Friday, June 30, 2006

this is life?

so this is the 9-5 club i've been scrambling to join. while i was in school, i could think of nothing better than having a manageable, predictable work schedule, no homework hanging over my head, no hours until infinity. but now... well, the grass really is greener on the other side of the fence.

where's the time for life? in the mornings, by the time i get up, get ready for work, it's time to go. in the evenings, i come home, unwind for an hour or two (or more likely do chores and errands, like cleaning the house, shopping for dinner, etc). then i make dinner, and by the time we eat and clean up, look at the time! it's 10 p.m.! off to bed (we're both 30 or over now, after all), maybe to read or write for an hour or so, and then, that's it.

that's it?? and then on the weekends, we try to squeeze in the stuff we couldn't do during the week. more shopping for groceries, catching up on sleep, gardening, all the miscellaneous tasks.

the only way i can find to get more time is to sleep less (difficult to do) or make the days longer (impossible to do).
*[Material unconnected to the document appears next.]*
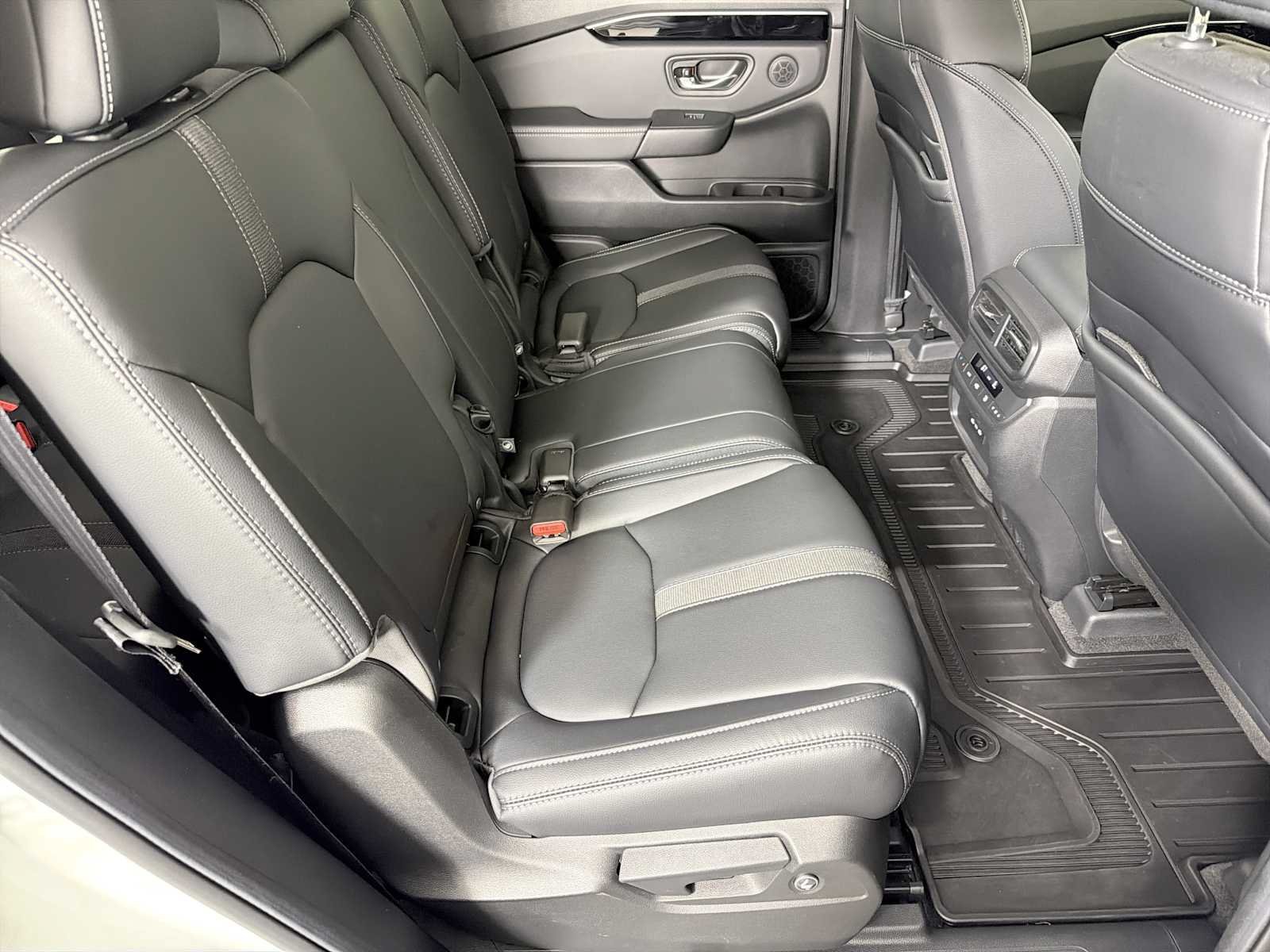 Used 2025 Honda Pilot EX-L image 14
at least with school, i had one day off. of course, that was filled with stuff to do, or if i wasn't doing my homework, i was certainly stressing about it!

Monday, June 05, 2006

borrowed time

there are times when i want nothing more than to move out of this house. the windows that i put in with an ex trap me inside, yielding only dusty, cobweb strewn glimpses of the world outside. The walls crawling with mold and the leaking roof remind me i'm living beyond my means in a house i can't afford to keep. i've spent too long on borrowed time, letting the house depreciate little by little with deferred maintenance.

my sister says the house is a leash that binds me with responsibility. the rooms are packed with stuff that's not mine, but left here over the years by the residents that have come and gone. i've never decorated, never fully made this place mine.

now my hand might soon by forced. my sister doesn't want to keep the house, and while i'm conflicted, i don't feel i have the right to convince her otherwise. part of me aches like muscles stiff with stillness. at last, i think, i will be free. i'm itching to start a life with my dearest love.

but then my eye travels along the redwood fence, now silvered, that i built using only hand tools (i was too scared of the power tools to use them) and my mind lingers on the kitty graveyard on the side of the house, which holds the cats that have lived her as long as i have and i think of the cats living now, who know no other home.

the roses are in bloom now, i see. Lascivious and voluptuous things, their thorny stems sagging with the weight of their pendulous blossoms. I clip some and bring them inside, where their heady scent penetrates the room, and i remember how my mother would lean up on tiptoe with her slight frame, close her eyes, and smell them.

"oh annie," she would say. "don't they smell wonderful?"

how can i give up those roses? how i can i ever entrust them another's care?

Sunday, June 04, 2006

argh

how do i write something when i have absolutely no idea on how to write it? they always say, go with your instinct, what's interesting about something. well, i do think it's interesting, but there's nothing that new - my article is about a blogger. come one, people have been blogging for a while. true, this guy is interesting, but how do i convey that without dipping too far into touchy feely, definitely non-newsy writing?